* The task:
The expected output is the data itself, duplicated in full.

* Data:
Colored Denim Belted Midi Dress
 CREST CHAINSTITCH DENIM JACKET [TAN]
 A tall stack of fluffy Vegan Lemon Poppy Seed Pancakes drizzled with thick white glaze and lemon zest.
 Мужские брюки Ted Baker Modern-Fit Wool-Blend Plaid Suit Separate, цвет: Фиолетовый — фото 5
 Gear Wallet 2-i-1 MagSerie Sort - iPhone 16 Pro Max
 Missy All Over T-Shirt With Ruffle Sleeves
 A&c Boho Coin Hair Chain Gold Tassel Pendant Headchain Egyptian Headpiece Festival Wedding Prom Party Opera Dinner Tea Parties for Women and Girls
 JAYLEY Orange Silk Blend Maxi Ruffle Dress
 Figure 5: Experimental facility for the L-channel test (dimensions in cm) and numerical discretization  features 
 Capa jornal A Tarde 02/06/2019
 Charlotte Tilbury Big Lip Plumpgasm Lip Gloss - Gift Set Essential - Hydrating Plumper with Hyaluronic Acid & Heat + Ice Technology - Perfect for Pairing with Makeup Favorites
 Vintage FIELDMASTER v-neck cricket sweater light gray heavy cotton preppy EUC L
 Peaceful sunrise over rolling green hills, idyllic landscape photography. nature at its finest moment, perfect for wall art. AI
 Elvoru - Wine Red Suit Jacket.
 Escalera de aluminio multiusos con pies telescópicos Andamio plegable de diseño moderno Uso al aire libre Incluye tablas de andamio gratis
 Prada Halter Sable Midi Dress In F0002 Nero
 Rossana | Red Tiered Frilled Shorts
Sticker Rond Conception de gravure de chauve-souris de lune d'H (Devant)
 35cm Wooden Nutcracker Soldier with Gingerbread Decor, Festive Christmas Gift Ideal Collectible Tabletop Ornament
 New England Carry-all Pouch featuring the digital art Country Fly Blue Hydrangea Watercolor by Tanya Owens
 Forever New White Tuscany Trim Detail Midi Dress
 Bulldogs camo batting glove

* Exercise response:
Colored Denim Belted Midi Dress
 CREST CHAINSTITCH DENIM JACKET [TAN]
 A tall stack of fluffy Vegan Lemon Poppy Seed Pancakes drizzled with thick white glaze and lemon zest.
 Мужские брюки Ted Baker Modern-Fit Wool-Blend Plaid Suit Separate, цвет: Фиолетовый — фото 5
 Gear Wallet 2-i-1 MagSerie Sort - iPhone 16 Pro Max
 Missy All Over T-Shirt With Ruffle Sleeves
 A&c Boho Coin Hair Chain Gold Tassel Pendant Headchain Egyptian Headpiece Festival Wedding Prom Party Opera Dinner Tea Parties for Women and Girls
 JAYLEY Orange Silk Blend Maxi Ruffle Dress
 Figure 5: Experimental facility for the L-channel test (dimensions in cm) and numerical discretization  features 
 Capa jornal A Tarde 02/06/2019
 Charlotte Tilbury Big Lip Plumpgasm Lip Gloss - Gift Set Essential - Hydrating Plumper with Hyaluronic Acid & Heat + Ice Technology - Perfect for Pairing with Makeup Favorites
 Vintage FIELDMASTER v-neck cricket sweater light gray heavy cotton preppy EUC L
 Peaceful sunrise over rolling green hills, idyllic landscape photography. nature at its finest moment, perfect for wall art. AI
 Elvoru - Wine Red Suit Jacket.
 Escalera de aluminio multiusos con pies telescópicos Andamio plegable de diseño moderno Uso al aire libre Incluye tablas de andamio gratis
 Prada Halter Sable Midi Dress In F0002 Nero
 Rossana | Red Tiered Frilled Shorts
Sticker Rond Conception de gravure de chauve-souris de lune d'H (Devant)
 35cm Wooden Nutcracker Soldier with Gingerbread Decor, Festive Christmas Gift Ideal Collectible Tabletop Ornament
 New England Carry-all Pouch featuring the digital art Country Fly Blue Hydrangea Watercolor by Tanya Owens
 Forever New White Tuscany Trim Detail Midi Dress
 Bulldogs camo batting glove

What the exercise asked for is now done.